Jack Murray: Episode 794
October 08, 2021
Jack Murray
Jack Murray is an entrepreneur, story consultant, speaker, and author. As the CEO and founder of both MediaHQ—a media contacts database and press release distribution tool—and the storytelling agency All Good Tales, Jack helps companies define their storytelling strategies, train their staff as storytellers, and share their stories through innovative technology.
A recognized expert, Jack has worked with hundreds of brands, organizations, and teams over a twenty-five-year career. He advises leadership, communications, and marketing teams through story training courses, story strategy workshops, and keynote talks.
Jack lives in Dublin with his wife, Alison; his daughters, Matilda and Gwen; and a dog called Maxi Lopez. Connect with him online at Murraystory.com.
Books by Jack Murray
Transcript
[0:10:15] BB: Right. It is a game-changer when you actually do that because it kind of allows other people to do the same, right? Yeah, to bring it back to be actually being human. Amazing. Well, I will rattle off the six steps in the Magic Slice process here, and then have some questions on a few of these. But the book lays out these six: Find a mission and articulate it. Tune in to the different audiences, tune in to your different audiences. Step three is create your Magic Slice topics for stories. Create your Magic Slice statement. Generate compelling stories. And revise and edit. What I would like to do is, I would actually like to start and hone in on step number two, because I know step one is very important - find a mission and go articulate it. You go into great detail to explain how to make sure that is true and that is there. But I think when we start to talk about tuning in to your different audiences, there may be more questions around that. We know that need for a mission or maybe we have the internal sense of why we are doing what we are doing. But knowing our different audiences and know how to interact with them can become pretty difficult right?

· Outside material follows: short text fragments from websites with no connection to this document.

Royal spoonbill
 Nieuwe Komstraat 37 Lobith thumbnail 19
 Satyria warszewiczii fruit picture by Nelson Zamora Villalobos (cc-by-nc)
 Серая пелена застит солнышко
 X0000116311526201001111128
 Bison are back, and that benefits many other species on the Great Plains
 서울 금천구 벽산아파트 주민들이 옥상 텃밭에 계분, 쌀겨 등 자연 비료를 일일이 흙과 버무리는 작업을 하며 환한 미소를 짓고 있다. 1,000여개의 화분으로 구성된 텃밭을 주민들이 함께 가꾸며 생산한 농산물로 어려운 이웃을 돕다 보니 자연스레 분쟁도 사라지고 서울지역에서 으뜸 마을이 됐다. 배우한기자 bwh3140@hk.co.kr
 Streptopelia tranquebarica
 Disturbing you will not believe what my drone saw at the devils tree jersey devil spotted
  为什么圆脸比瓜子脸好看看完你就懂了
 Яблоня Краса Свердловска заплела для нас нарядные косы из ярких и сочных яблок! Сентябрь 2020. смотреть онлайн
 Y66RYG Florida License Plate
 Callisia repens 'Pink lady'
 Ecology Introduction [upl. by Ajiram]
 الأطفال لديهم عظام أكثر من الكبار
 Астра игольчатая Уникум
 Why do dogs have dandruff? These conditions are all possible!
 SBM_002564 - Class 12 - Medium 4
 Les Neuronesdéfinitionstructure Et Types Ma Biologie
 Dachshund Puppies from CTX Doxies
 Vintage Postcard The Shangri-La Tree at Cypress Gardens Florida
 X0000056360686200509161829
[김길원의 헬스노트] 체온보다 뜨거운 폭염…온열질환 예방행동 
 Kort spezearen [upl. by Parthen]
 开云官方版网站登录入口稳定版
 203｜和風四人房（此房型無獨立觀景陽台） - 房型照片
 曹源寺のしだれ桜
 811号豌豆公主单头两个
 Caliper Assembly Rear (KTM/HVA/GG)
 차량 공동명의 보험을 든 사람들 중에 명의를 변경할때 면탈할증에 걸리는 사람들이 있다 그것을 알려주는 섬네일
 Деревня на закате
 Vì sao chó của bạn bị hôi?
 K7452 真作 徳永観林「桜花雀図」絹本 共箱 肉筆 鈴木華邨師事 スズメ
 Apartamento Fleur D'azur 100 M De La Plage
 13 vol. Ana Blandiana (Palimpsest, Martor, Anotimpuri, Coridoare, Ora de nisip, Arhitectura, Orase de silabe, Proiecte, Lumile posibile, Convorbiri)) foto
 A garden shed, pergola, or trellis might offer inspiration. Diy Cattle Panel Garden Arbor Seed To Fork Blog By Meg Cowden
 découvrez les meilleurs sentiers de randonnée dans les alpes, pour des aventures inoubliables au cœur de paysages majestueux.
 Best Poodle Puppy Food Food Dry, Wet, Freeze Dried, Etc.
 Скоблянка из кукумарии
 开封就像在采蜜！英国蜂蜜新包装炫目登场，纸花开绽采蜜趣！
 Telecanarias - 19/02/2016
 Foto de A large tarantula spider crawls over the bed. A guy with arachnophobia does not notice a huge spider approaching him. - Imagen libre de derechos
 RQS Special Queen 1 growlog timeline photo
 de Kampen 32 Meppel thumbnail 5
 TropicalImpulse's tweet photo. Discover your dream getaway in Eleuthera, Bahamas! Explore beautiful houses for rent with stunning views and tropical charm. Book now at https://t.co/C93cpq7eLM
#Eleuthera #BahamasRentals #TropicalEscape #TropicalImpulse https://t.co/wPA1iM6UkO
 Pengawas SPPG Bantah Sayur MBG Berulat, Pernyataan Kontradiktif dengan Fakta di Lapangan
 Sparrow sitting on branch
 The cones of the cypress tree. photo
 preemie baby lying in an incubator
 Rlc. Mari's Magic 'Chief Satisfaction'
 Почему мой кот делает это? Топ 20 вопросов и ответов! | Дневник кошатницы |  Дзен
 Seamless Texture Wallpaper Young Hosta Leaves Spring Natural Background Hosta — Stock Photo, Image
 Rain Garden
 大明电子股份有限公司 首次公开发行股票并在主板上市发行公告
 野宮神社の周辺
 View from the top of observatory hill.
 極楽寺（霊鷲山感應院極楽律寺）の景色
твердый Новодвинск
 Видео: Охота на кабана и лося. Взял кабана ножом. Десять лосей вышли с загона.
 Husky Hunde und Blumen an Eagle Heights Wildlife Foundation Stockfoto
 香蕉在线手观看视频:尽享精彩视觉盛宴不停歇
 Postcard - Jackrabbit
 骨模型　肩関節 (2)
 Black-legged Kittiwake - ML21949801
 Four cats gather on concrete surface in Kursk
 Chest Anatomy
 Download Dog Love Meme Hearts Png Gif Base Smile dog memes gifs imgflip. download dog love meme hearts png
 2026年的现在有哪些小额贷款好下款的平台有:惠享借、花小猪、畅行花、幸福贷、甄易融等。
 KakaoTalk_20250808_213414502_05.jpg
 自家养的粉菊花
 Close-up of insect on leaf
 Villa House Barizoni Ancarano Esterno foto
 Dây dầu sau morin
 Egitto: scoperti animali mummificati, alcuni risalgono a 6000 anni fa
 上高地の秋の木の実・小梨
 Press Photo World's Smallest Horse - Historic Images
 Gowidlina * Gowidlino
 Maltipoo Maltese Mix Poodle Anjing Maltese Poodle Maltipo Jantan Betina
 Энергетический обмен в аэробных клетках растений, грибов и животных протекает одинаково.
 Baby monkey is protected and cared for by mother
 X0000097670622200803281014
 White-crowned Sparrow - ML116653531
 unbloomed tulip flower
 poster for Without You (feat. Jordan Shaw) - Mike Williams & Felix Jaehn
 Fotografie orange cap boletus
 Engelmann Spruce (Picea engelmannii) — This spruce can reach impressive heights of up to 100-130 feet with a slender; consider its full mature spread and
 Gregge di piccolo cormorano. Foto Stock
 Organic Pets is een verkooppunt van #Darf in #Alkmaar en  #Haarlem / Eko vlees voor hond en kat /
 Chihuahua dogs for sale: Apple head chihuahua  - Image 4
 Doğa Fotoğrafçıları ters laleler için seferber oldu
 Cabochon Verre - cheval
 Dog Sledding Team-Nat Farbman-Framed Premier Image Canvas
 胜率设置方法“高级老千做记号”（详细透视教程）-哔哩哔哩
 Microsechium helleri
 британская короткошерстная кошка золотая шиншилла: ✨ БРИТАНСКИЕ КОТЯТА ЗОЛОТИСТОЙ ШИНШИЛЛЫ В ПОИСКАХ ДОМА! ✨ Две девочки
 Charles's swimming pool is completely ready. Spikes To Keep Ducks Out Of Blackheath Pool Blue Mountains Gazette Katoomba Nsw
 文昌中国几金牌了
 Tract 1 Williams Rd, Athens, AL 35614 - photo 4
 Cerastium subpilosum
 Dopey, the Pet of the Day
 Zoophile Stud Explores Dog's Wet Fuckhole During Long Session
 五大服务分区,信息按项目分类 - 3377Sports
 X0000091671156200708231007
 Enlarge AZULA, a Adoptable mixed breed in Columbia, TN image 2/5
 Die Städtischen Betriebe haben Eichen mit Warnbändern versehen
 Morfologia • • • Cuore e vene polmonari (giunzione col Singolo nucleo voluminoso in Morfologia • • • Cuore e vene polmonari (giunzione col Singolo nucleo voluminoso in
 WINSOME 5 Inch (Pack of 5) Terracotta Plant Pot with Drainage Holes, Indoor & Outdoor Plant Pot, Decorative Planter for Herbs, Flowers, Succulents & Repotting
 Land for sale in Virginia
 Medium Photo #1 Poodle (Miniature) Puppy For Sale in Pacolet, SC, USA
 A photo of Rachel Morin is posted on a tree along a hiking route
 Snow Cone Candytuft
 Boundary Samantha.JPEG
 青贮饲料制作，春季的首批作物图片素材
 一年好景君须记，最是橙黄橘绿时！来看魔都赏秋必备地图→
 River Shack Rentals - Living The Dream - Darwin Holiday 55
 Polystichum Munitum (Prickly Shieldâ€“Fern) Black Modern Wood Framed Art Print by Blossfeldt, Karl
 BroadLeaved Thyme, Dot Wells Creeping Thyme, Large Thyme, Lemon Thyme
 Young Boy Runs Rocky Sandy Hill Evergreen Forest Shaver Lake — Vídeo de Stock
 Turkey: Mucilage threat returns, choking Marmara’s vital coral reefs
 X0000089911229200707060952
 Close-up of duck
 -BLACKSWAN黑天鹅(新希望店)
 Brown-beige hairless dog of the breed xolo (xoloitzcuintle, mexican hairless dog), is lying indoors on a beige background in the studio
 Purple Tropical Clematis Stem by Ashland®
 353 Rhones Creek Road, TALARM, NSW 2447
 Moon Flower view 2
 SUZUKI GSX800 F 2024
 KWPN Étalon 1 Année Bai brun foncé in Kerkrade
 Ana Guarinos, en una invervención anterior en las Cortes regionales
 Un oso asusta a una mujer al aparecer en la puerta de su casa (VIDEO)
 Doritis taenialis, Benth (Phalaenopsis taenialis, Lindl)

[0:12:07] Jack Murray: Yeah, and if you are not communicating to somebody that is in your mind's eye, you are not communicating effectively. The best people can tell stories and they know who their audience are. And in any exchange in communication, there are no difficult questions. There are just different ways to get your message to your audience. When it comes to profiling your audience, one of the stories I talk about in the book, in my first job I worked in a very well-known brand in Europe which is called Dubarry shoes. I walked into the marketing director's office and he had, he was a man in his mid 30’s, and he had a stack of women's magazines beside his desk. I poked fun at him for reading women's magazines and he looked at me with a steely look and he said “the women that read these magazines are customers, start reading, you got to know how they think." And it was a really stark lesson for me. When it comes to audiences there are three reactions that, you know you are in your Magic Slice. The first one is, if your audience says "This is a new voice, this is something really fresh and it is really, really engaging." The second one, is "You are saying what I am thinking." You are giving the audience an “aha” moment, so that you are saying something “thank god that is exactly what I am thinking”. The third one is, "I have never thought of this before." And I can give you a very good example of that. The brand SPANX, which you know is created to give women a sense of confidence, started as an undergarment to give women a sense of confidence and to give that seamless feel to any garment they wear. But it was created by Sarah Blakely and she created the name, the brand and the look, the feel. It was completely revolutionary, it really stood out and the reaction of the audience was “this is amazing, I never thought of this before”. Just by the way she executed it, she was in that part and she knew exactly the women that she was communicating with at the start. The advice that we give to people who want to tell stories are, know who your audience are, because great communicators know what the dial looks like and they know where they need to move it to. So let us be honest, we communicate to get a reaction to change people’s behavior, to get them to do something to get to stop doing something, and unless you know who they are you would not be to do that.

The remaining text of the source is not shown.